O’Connell thinks the power plant’s high costs will make the project difficult to justify outside of a moment in which the Trump administration is seeking attention for big projects. Due to inflation on key components, the project would cost $3,586 per kilowatt, two to three times the cost of a combined-cycle gas plant two years ago.

“They’re just smiling and waving for the cameras, and then, as soon as Trump’s out of power, the [power plant is] going to get scaled way down or killed,” O’Connell said.

The clean energy build-out, of course, can’t come fast enough, because the climate crisis is pushing on inexorably.
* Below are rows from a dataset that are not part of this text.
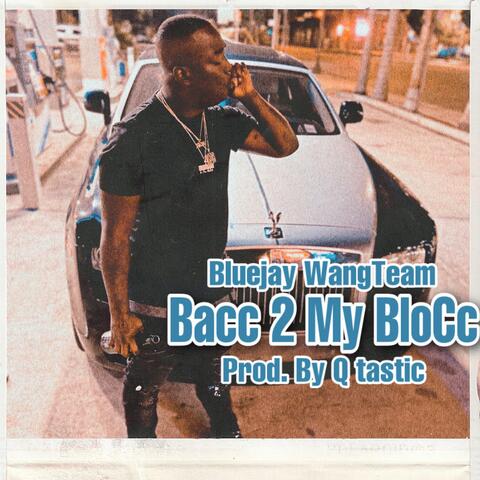 Bacc 2 My Block (feat. Q Tastic)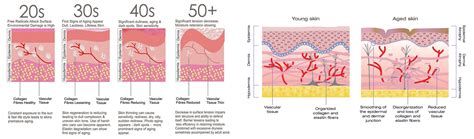 Anti Aging • Treatment Clinic • Skin Care • Nascent Clinic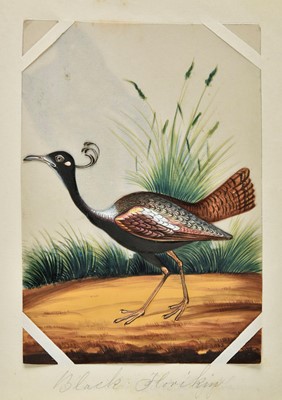 Lot 194 - Company School. A set of 12 Indian mica paintings of birds, circa 1850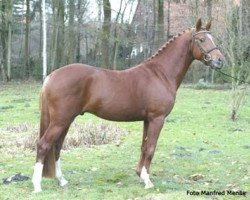 Deckhengst Gandalf (Deutsches Reitpony, 2002, von FS Golden Highlight)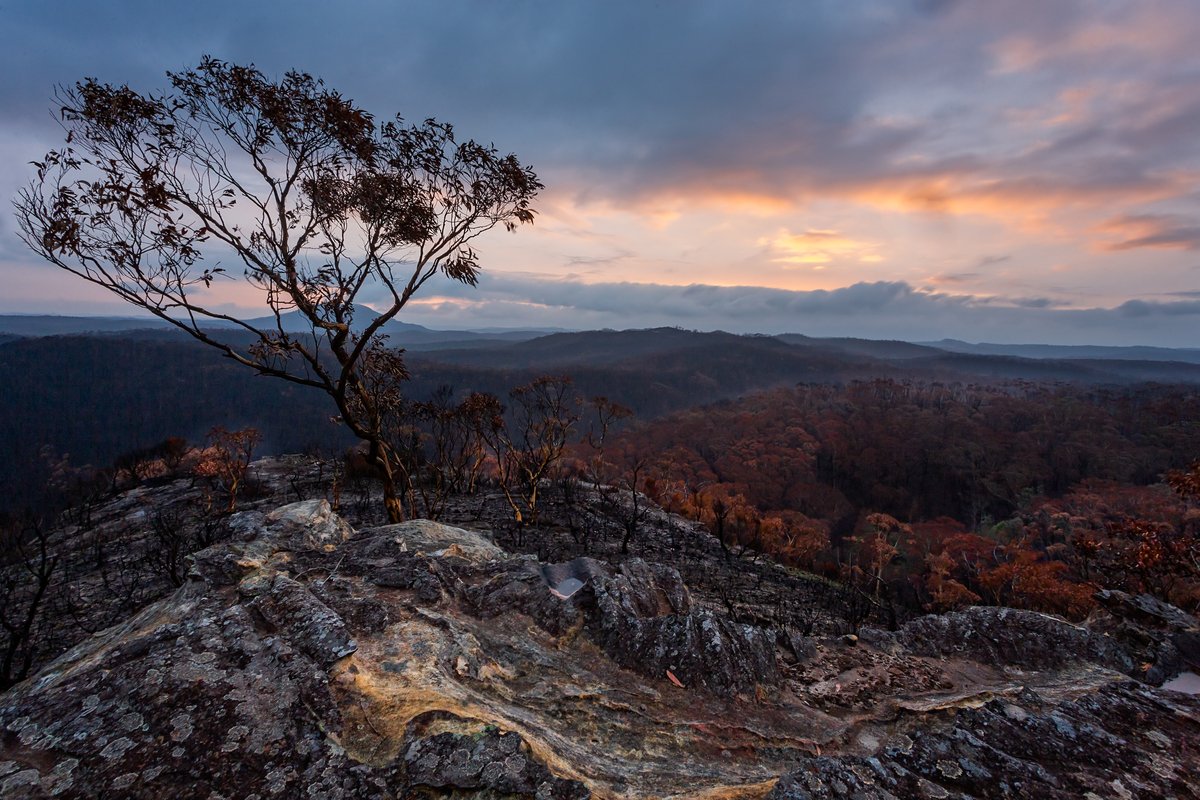 CasaLettori's tweet photo. La deforestazione ha giocato un ruolo determinante negli incendi che hanno devastato l’Australia

#giornatamondialedellambiente a #CasaLettori 

#5giugno 

#SalviamoIlPianeta a #CasaLettori https://t.co/C4HTmXEZ5V
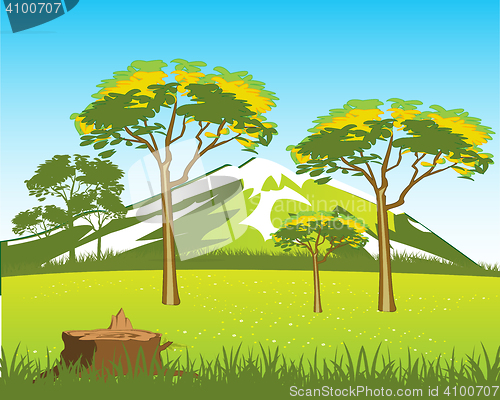 Image of Beautiful wild landscape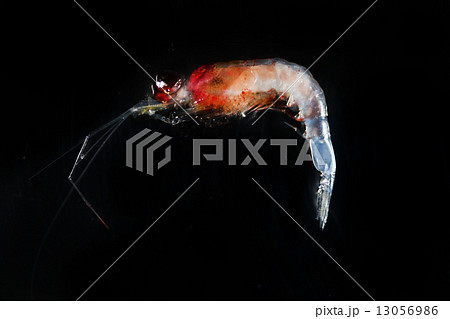 Krill オキアミ Crustaceans 動物プランクトンの写真素材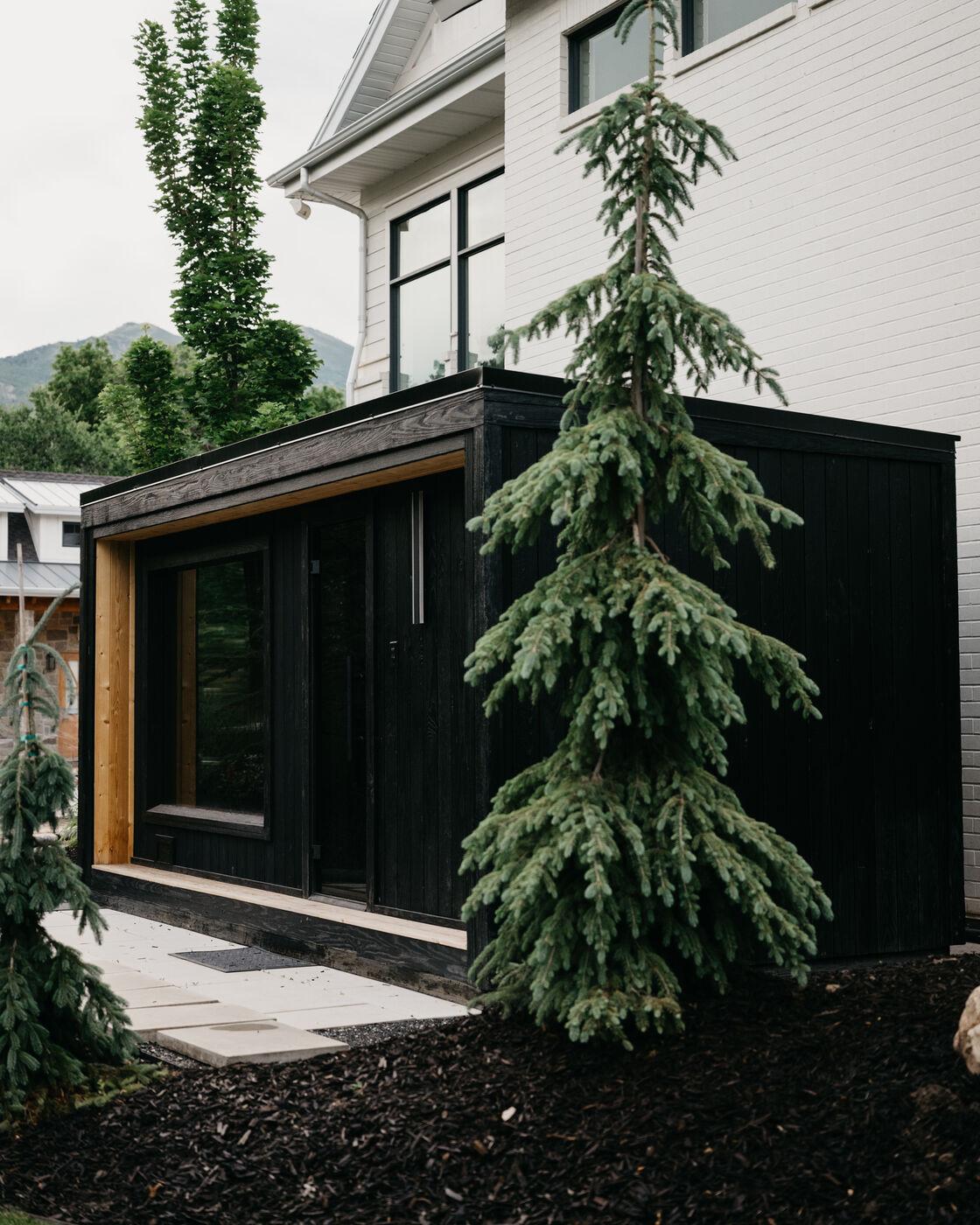 A blackened-timber studio with a spruce standing at its corner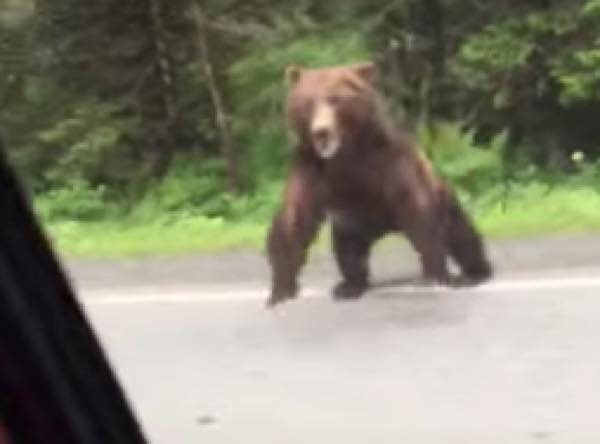 20171204_bear クマ 熊 動画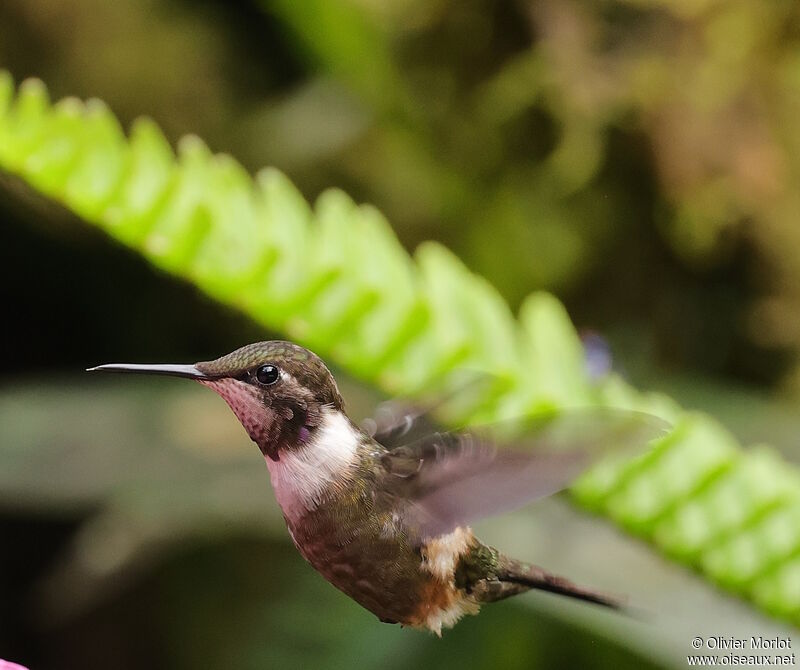 Purple-throated Woodstar male immature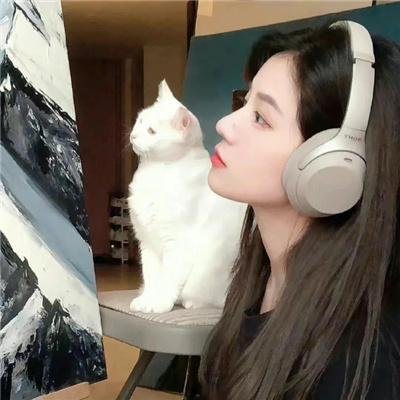 新蝶恋花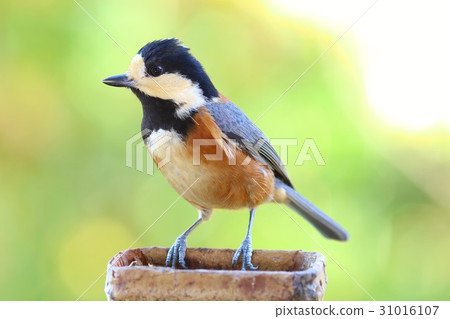 野生鳥Yamagara秋天樹 31016107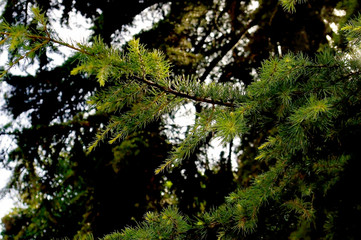 Ramas de árbol pino con hojas en el jardín del parque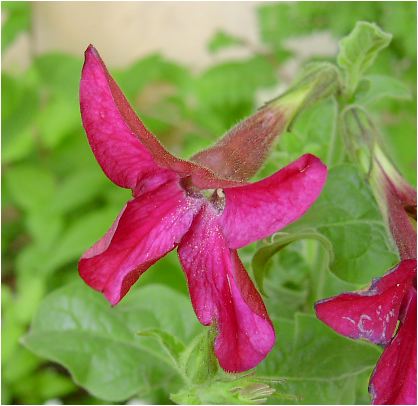 ԉini^oRFNicotiana alataijR`AiEA^jj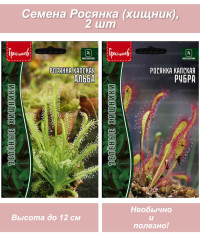 Семена комнатных цветов Росянка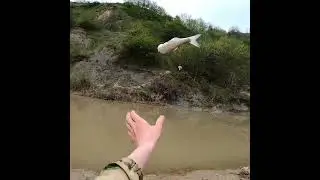 Рыбалка в Чечне. Шамайка. Река Гумс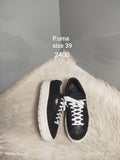 Puma 39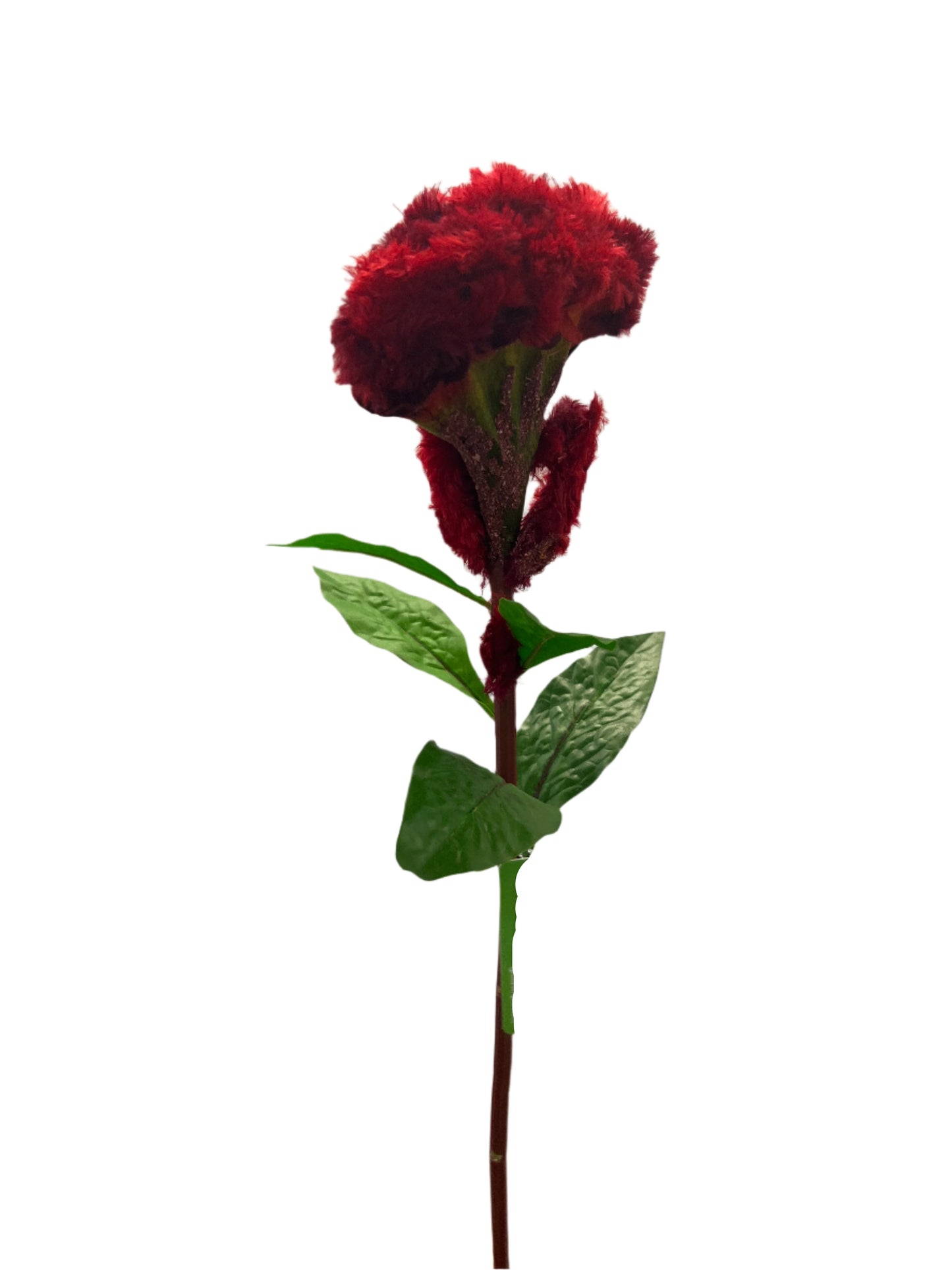FL13567 COCKSCOMB 26.5"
April saw the atmospheric level of carbon dioxide average 431 parts per million for the first time at the monitoring station in Mauna Loa (but don’t worry—Trump’s new budget zeroes out funding for the facility). A new report put a very human face on those statistics: As Oliver Milman reports, it found that the time may be coming to start thinking of the painful necessity to move people out of New Orleans, because climate change is in danger of putting it past a "point of no return":

Southern Louisiana is facing 3-7 metres of sea-level rise and the loss of three-quarters of its remaining coastal wetlands, which will cause the shoreline “to migrate as much as 100km (62 miles) inland”, thereby stranding New Orleans and Baton Rouge, according to the study, which compared today’s rising global temperatures with a period of similar heat 125,000 years ago that caused a rise in sea level.

This scenario makes the region the “most physically vulnerable coastal zone in the world”, the researchers state, and requires immediate action to prepare a smooth transition for people away from New Orleans, which has a population of about 360,000 people, to safer ground.

The way to avoid this—or a thousand follow-on horrors—is to move with desperate urgency to rebuild our energy system. That won’t end global warming—too late for that. But not too late to shave tenths of a degree off how hot the planet gets, and every tenth of a degree we raise the temperature moves a hundred million souls from a safe climate zone to a perilous one. Maybe New Orleans is in that next increment. Maybe your house. Someone’s house, that’s for sure. So speed, speed, speed.